Yeah, it's probably just a male thing. Like comparing dicks.

In response to yesterday's post in which I reflected on "old school" level advancement (as discussed in Gygax's article from issue #7 of The Strategic Review), Scott wrote:

Ok leveling. 18th level or whatever always struck me a silly. The sweet spot for d&d, at least in 3E and beyond, is about level 3-6. You can take on 10th level opponents like dragons with planning and luck, and that’s thrilling. Once you get a handful of 4th level spells, it stops resembling the source fiction. 

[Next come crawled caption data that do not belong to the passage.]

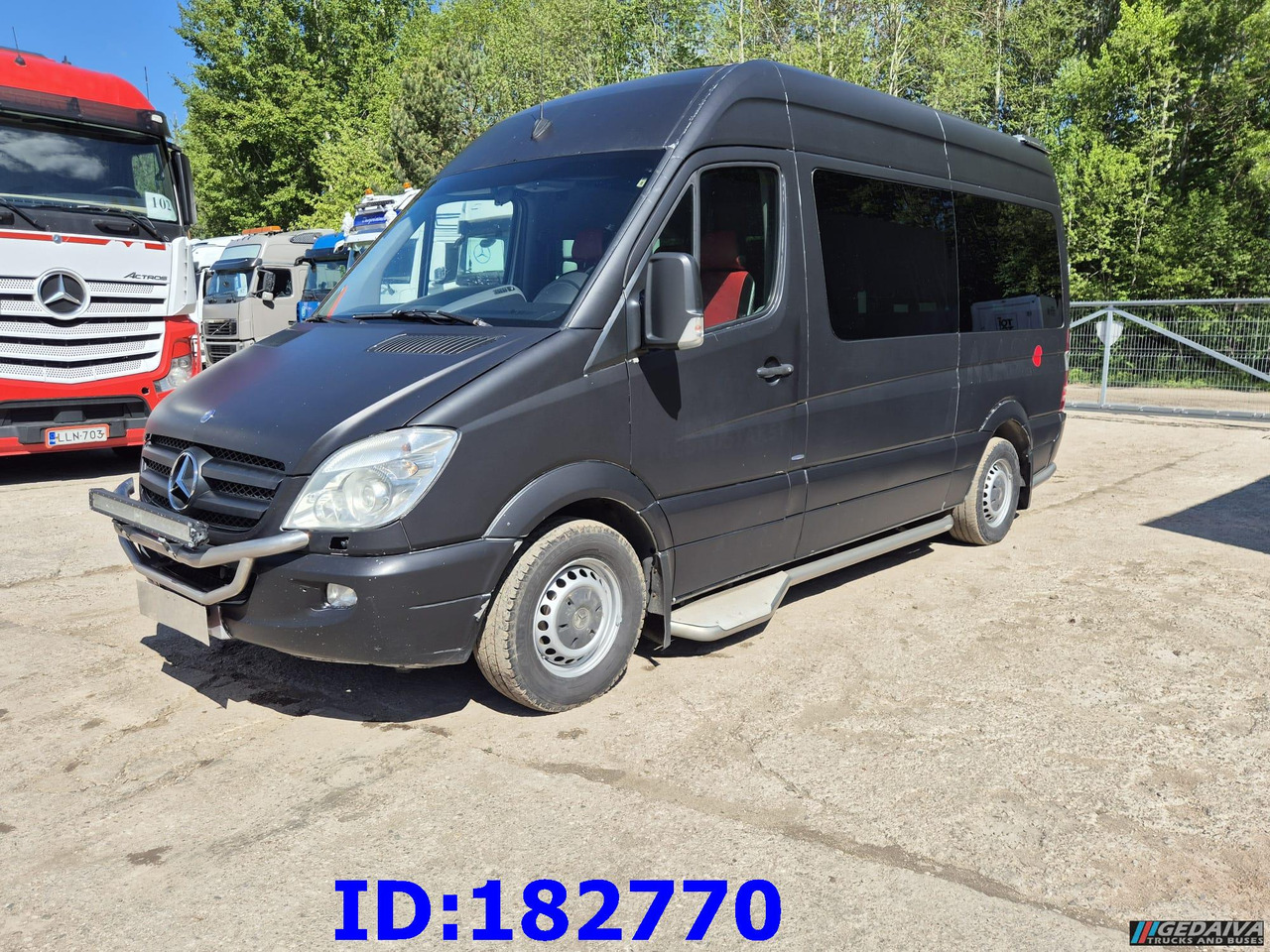 MERCEDES-BENZ Sprinter 319 VIP Euro5 - Autocar: Foto 4 MERCEDES-BENZ Sprinter 319 VIP Euro5 - Autocar: Foto 4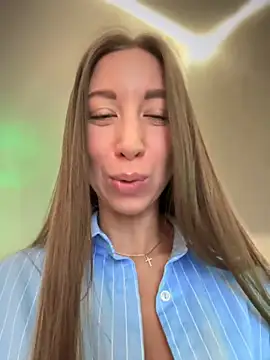 EvaCatt online show from November 23, 2025, 3:39 am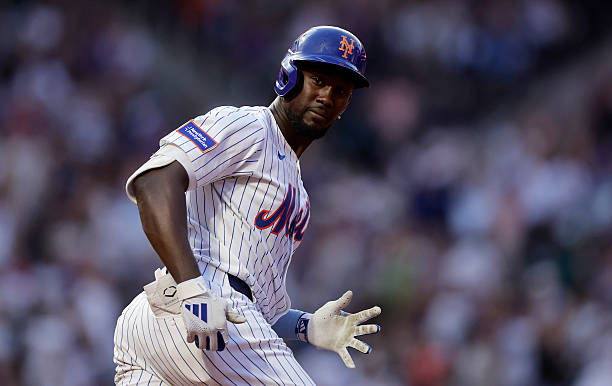 El bate y la voz de Ronny Mauricio  buscan llegar a los playoffs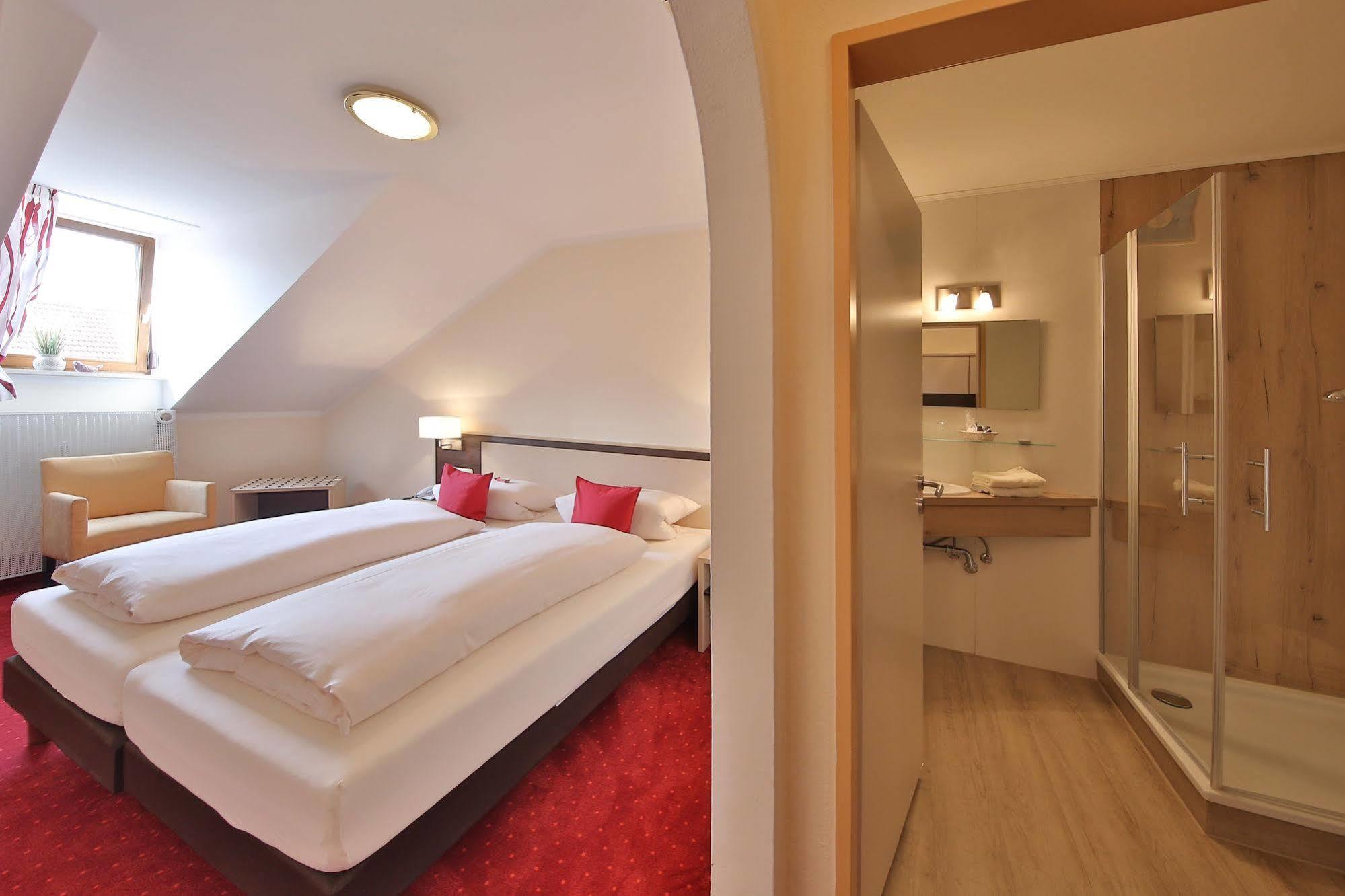 Hotel Bockmaier Oberpframmern Екстер'єр фото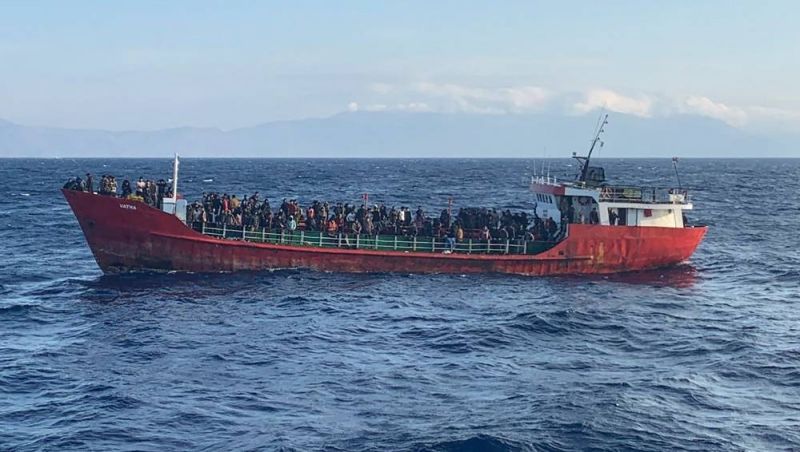 Un bateau avec 400 migrants jette l'ancre au large de l'île de Kos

 In my own home game, 10th level is a great achievement. We’ve played about 50 sessions and the highest level guys are 6 and 7. And that’s a little slow, but it’s okay because the threats can stay at an imaginable level and there’s always something out there that can kill you with a snap of its fingers.

Scott comments here frequently (which is nice...thanks!) but this is the first time I remember feeling riled up by something he wrote. Maybe. Let me try to articulate my thoughts in a coherent, constructive manner.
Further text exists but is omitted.